The following article was written by Orlee Krass, Director of Education, for GLEANINGS: Dialogue on Jewish Education from The Davidson School of the Jewish Theological Seminary.
My sisters and I grew up at a Jewish summer camp. Our mother worked in omanut (arts and crafts). We were campers, babysitters, and counselors, and ultimately I worked as a rosh edah (division head). I knew very little about children with special needs, aside from the fact that some of our campers had attention deficit disorder (ADD) and that we could go to our camp psychologist for help. Words like inclusion, modification, accommodation, and differentiation meant nothing to me.
Eventually it was time to say goodbye to my time at camp and move on to the “real world.” I became a New York City Teaching Fellow. Although I had no relevant experience, I was assigned to a school in the South Bronx to teach special education. Over the next ten years, I received the best training one could hope for through a combination of coursework, ongoing professional development, and daily, hands-on experience in the classroom, working with children with varying disabilities. Words like inclusion, modification, accommodation, and differentiation now became part of my everyday vocabulary.
During this time, I also began to work with my nephew, who was diagnosed with autism spectrum disorder more than five years ago; he is high functioning.
Three years ago my nephew was finally old enough to attend Ramah Day Camp in Nyack, New York.
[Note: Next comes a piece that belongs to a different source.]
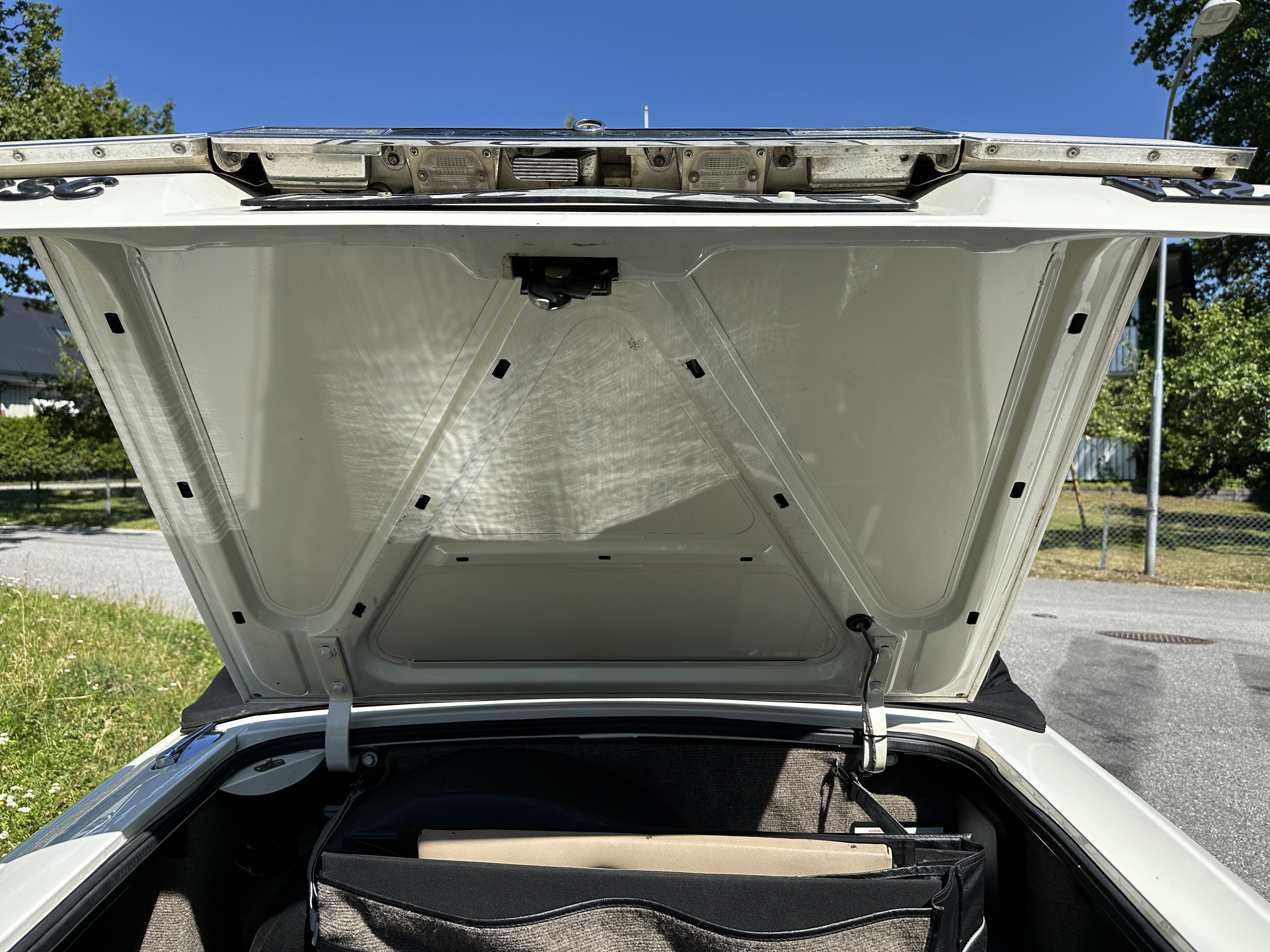 Vehicle Image 28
My family was excited that he would experience the magic of a Ramah Nyack summer. We could not wait for him to dance on the migrash (open space), sing in the zimriyah (song festival), and celebrate Israel at Yom Yisrael (Israel Day). What we did not fully appreciate at first was that all these things we remembered so fondly would be extremely challenging for him without accommodations. We quickly realized, however, that although he was high functioning, there were a lot of things in the regular camp program to which he was overly sensitive or that he could not tolerate, and his reactions were no longer considered age appropriate.
Despite the challenges the camp and counselors faced on a daily basis when working with my nephew, they really cared deeply for him and were committed to making things work for him at camp. I was thrilled when members of the staff asked if I could assist them in putting necessary supports in place to ensure a successful summer experience for him and his fellow campers. Together we worked on implementing strategies and supports such as social stories, visual schedules, and a behavior plan, all of which allowed him not only to thrive at camp but to fall in love with it, too. He was hooked. And to be honest, I was hooked too; but in a different way.
Seeing my nephew experience camp was eye-opening. Without the types of supports we put in place, he might not have had a successful summer. I did not want a Ramah experience for him or for any child with different needs to be less than successful. I was not alone. Nyack’s leadership recognized the benefit of making available the same type of support to other campers. The following summer, I returned to Nyack as a full-time staff member: director of camper care. That role did not exist when I was a camper, but I cannot imagine today’s camp going without it.
I returned to Nyack for a second summer. During these two summers, I had the unique opportunity to apply my special education training to benefit our Nyack community, and I am thrilled to be part of Nyack’s camper care team, consisting of a psychologist, a social worker, and me, a special educator. Together we work with campers, their families, their counselors, and senior staff to meet each camper’s needs to the best of our ability. What we do never looks the same from one camper to the next, because he, like any child, each has his or her own unique strengths and weaknesses. We take the time to learn about each camper, and we use a team approach to put an individualized plan into place. Our main focus is to support campers in whatever ways necessary to ensure their experiences at camp are successful and fantastic.
I loved camp as a child. I felt comfortable there and I knew it was a second home to me. As an adult, I love camp even more because of Ramah Nyack’s commitment to making all feel comfortable and welcome.